Instructions for the task →
Reproduce each record exactly, but exclude every picture.

Supplied entries →
[Start of section]

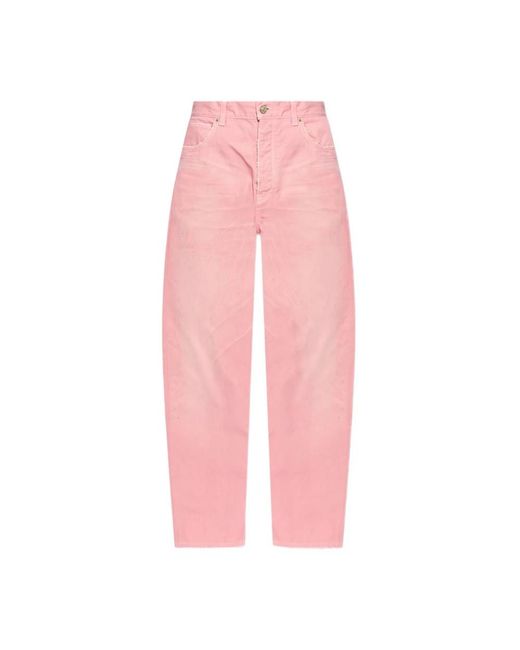 Balenciaga Pink Loose Fit Jeans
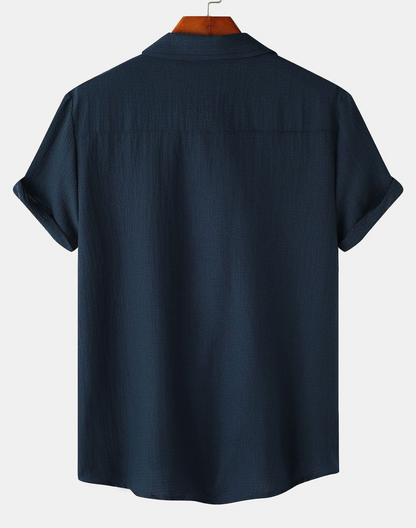 Jules | Chemise Boutonné Pour Hommes | Manche Courte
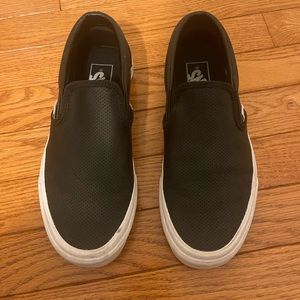 Leather Slip On Vans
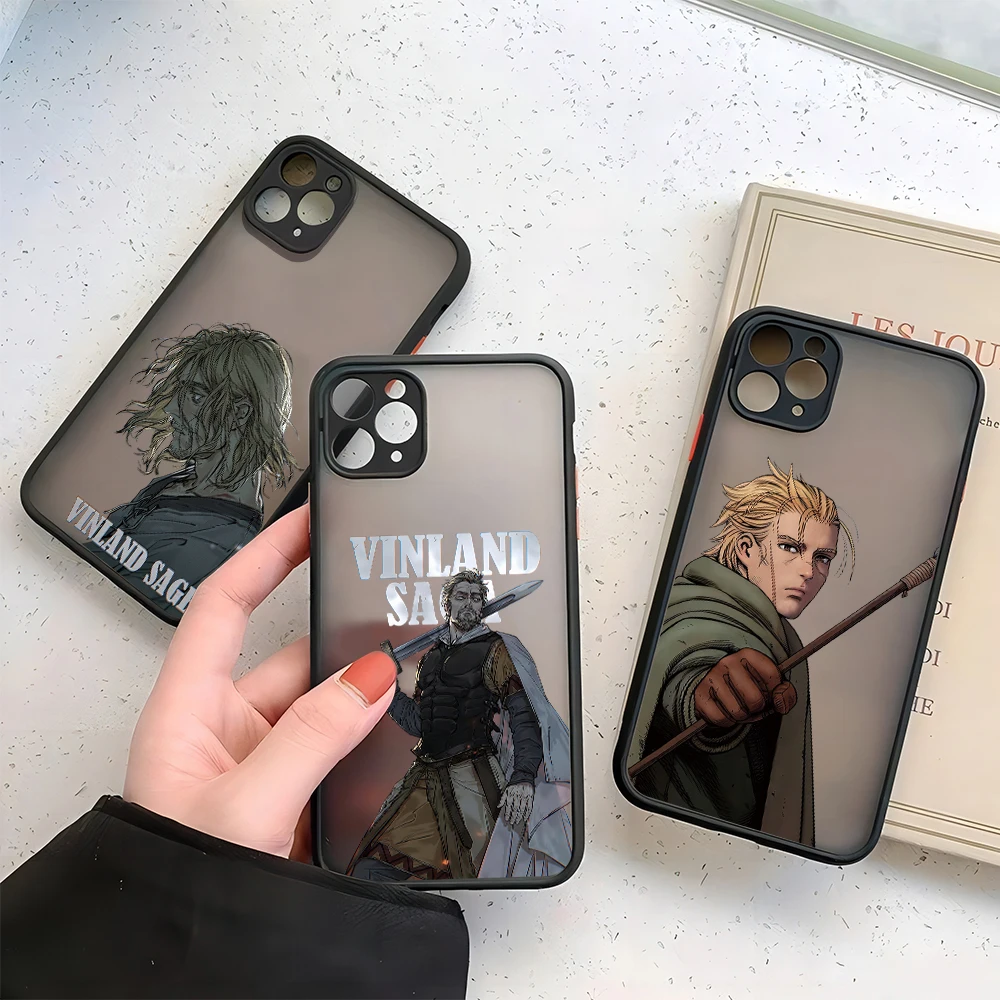 Manga Vinland Saga Phone Case For iPhone 15 14 13 12 11 Mini Pro Max X XR XSMax 7 8 Plus Matte Transparent Back Cover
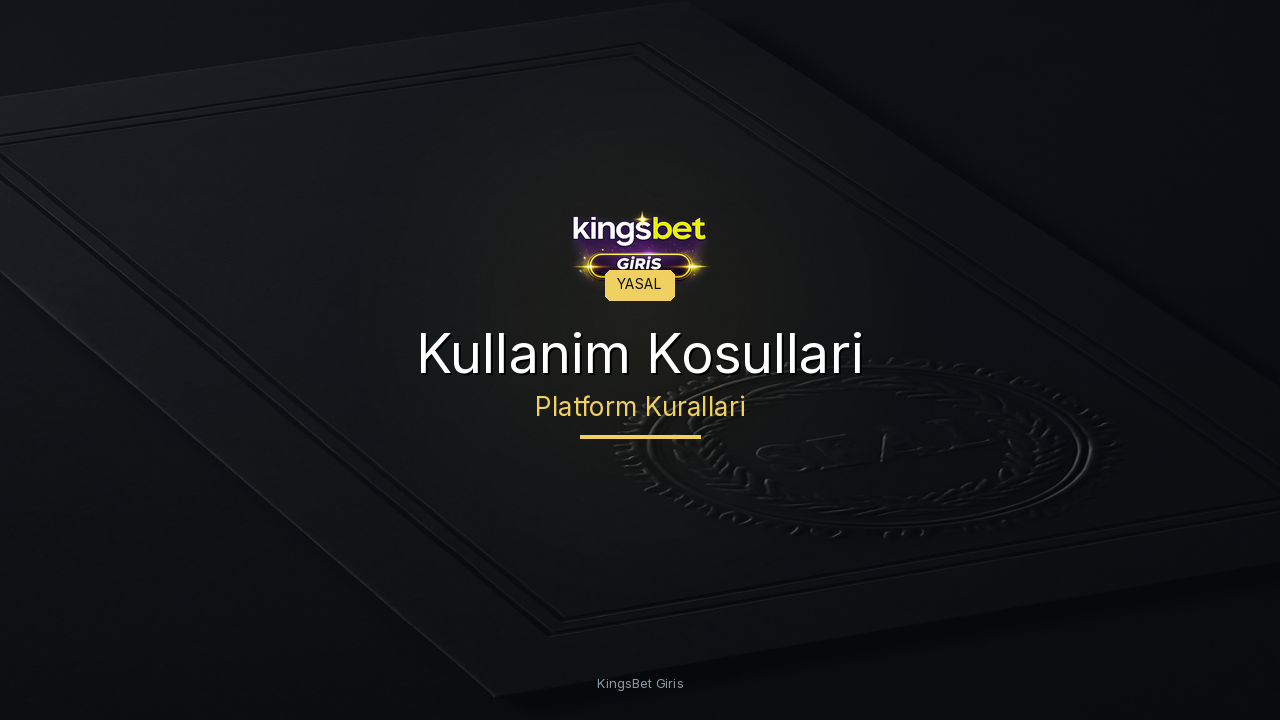 Kullanim Kosullari ve Sartlar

[End of section]

Result →
 Balenciaga Pink Loose Fit Jeans
 Jules | Chemise Boutonné Pour Hommes | Manche Courte
 Leather Slip On Vans
 Manga Vinland Saga Phone Case For iPhone 15 14 13 12 11 Mini Pro Max X XR XSMax 7 8 Plus Matte Transparent Back Cover
 Kullanim Kosullari ve Sartlar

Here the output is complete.